Silicon Valley Congressman Ro Khanna says something has to be done about tech – but not too much
Starting this week, European regulators have been tasked with enforcing a sweeping new privacy law called the General Data Protection Regulation, or GDPR. And the U.S. Representative whose district includes the headquarters of Google and Apple says we need something like that, but not as extreme.
“The answer can’t be, on a scale of one to 10, Europe’s regulations [are] a nine, we’re a zero,” Congressman Ro Khanna, D-Calif., said on the latest episode of Recode Decode, hosted by Kara Swisher. “Why can’t we get to a four or a five?”
Earlier this month, Khanna was asked by House Minority Leader Nancy Pelosi to draft an “internet bill of rights,” which he is hoping to refine and unveil before Congress recesses in August. Khanna said he will lobby tech leaders like Apple CEO Tim Cook, Google CEO Sundar Pichai and Microsoft CEO Satya Nadella to endorse the policy platform, which would include new regulations around privacy, security and the ability to move or delete your data from a platform.

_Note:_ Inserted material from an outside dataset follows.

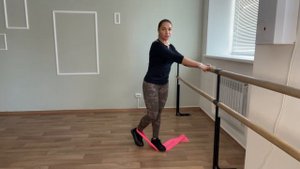 сгибание с эспандером по 1 ноге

“People are waking up to say, ‘Okay, we need to have some rules in this new world,’” Khanna said of the Facebook-Cambridge Analytica affair that brought Facebook CEO Mark Zuckerberg to testify in Washington. “And then they looked to the Congress and they said, ‘Wow. Those are the folks who are going to be writing those rules?’
“Think about how different the context would be if Facebook had to notify people about the breach,” he added. “It could have changed the consequences of that election. New York Times, others would have been writing about the Cambridge Analytica scandal on notification, if they had to notify the FTC.”
On the new podcast, Khanna explained why he’s optimistic that tech leaders will join his side now, even though endorsing the “bill of rights” means putting their name on new regulations for their industry. The pragmatic view is that someone like Pichai or Cook might want to join because the power of tech will continue to effect changes in the economy — so it might behoove them to get out in front of issues like privacy and job losses now, rather than wait for the tide of public opinion to turn.
“In the long run, it’s a good thing,” he said. “But its biggest problem is exclusivity. There are communities — the African-American community, rural America, Middle America, women — that have been excluded from this extraordinary potential.”
The lesson these companies should take away from the recent wave of techlash, Khanna expained, is to overcorrect: Take action proactively on the issues that won’t threaten your business, lest you wind up in the crossfire later.
“Is it going to be an existential threat to have stronger privacy regulations? No,” he said. “Is it going to be an existential threat to allow other platforms to emerge and have some competition? No. Is it going to be an existential threat to think about job creation and what you could do, and the fact that John Lewis is saying ‘technology rights are the new civil rights,’ and you have whole communities that don’t have equity in the new economy? Is that gonna kill you, to do things there? No!”